Opinión | Bolos
Morir dos veces en quince años
La tragedia no está en los huesos hallados del hombre de la Fuensanta, sino que un edificio entero deje morir a alguien sin advertirlo

La vivienda donde estaba el cadáver que llevaba 15 años muerto / J.M. López
Dicen que la muerte siempre avisa, aunque no siempre lo hace. En el popular barrio de la Fuensanta de València, a pocos metros del periódico, hallaron el sábado los restos de un hombre que llevaba quince años muerto en su vivienda. “Era una buena persona”, aseguran sus vecinos. Pero quince años… Quince navidades sin llamadas, quince veranos sin noticias. Nadie lo echó en falta porque todos creían que vivía en una residencia, a la que nadie se preocupó por ir de visita. Murió, y el silencio lo sepultó dos veces, en cuerpo y en memoria.
El caso podría parecer una anécdota macabra, digna de una serie nórdica de Netflix, pero es realidad pura. Un cadáver olvidado en un vecindario que dejó de mirarse. La Fuensanta nació en los márgenes de la ciudad para acoger a quienes lo perdieron todo en la riada de 1957. Aquel entramado de relaciones presenciales ha sido sustituido por la conexión a través de pantallas. Hemos confundido la cercanía digital con la compañía verdadera. Nadie se asomó a su puerta ni se extrañó de su ausencia. La puerta del sexto piso de la calle Lluís Fenollet —nombre de un humanista setabense del siglo XV— nunca volvió a abrirse.
Tenía dos hijos que lo habían apartado de sus vidas. Cuentan que las deudas del piso fueron el único rastro tangible de su paso por el mundo. Solo el olor, como último mensajero de la verdad, reveló su destino. Qué ironía para quienes creen que la soledad es un mal individual, cuando en realidad es un fracaso colectivo. Un edificio entero, un barrio completo, pueden dejar morir a alguien sin advertirlo.
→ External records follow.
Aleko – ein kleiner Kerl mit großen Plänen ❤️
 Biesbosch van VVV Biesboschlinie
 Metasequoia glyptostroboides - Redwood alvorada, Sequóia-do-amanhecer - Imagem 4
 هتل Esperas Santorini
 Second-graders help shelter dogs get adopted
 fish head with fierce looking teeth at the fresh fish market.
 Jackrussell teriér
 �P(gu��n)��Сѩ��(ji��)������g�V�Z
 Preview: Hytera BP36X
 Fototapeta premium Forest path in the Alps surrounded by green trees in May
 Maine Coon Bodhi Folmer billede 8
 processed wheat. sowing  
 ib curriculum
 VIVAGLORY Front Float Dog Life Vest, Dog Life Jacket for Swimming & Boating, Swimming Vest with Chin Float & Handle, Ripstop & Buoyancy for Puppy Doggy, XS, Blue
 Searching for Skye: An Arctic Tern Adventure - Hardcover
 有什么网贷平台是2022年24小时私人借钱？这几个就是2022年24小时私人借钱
Nos hemos habituado a no preguntar, a no incomodar, a no mirar. La educación del silencio se ha convertido en norma de convivencia.
La tragedia no está en los huesos hallados, sino en la existencia que se fue borrando hasta que nadie quedó para pronunciar su nombre. Esa desaparición antes de morir es, quizás, la forma más común de muerte en nuestro tiempo. Ojalá el eco de este suceso sirva de advertencia. Debemos volver a tocar puertas, a saludar en el rellano, a preguntar si alguien necesita algo. Por humanidad, sencillamente.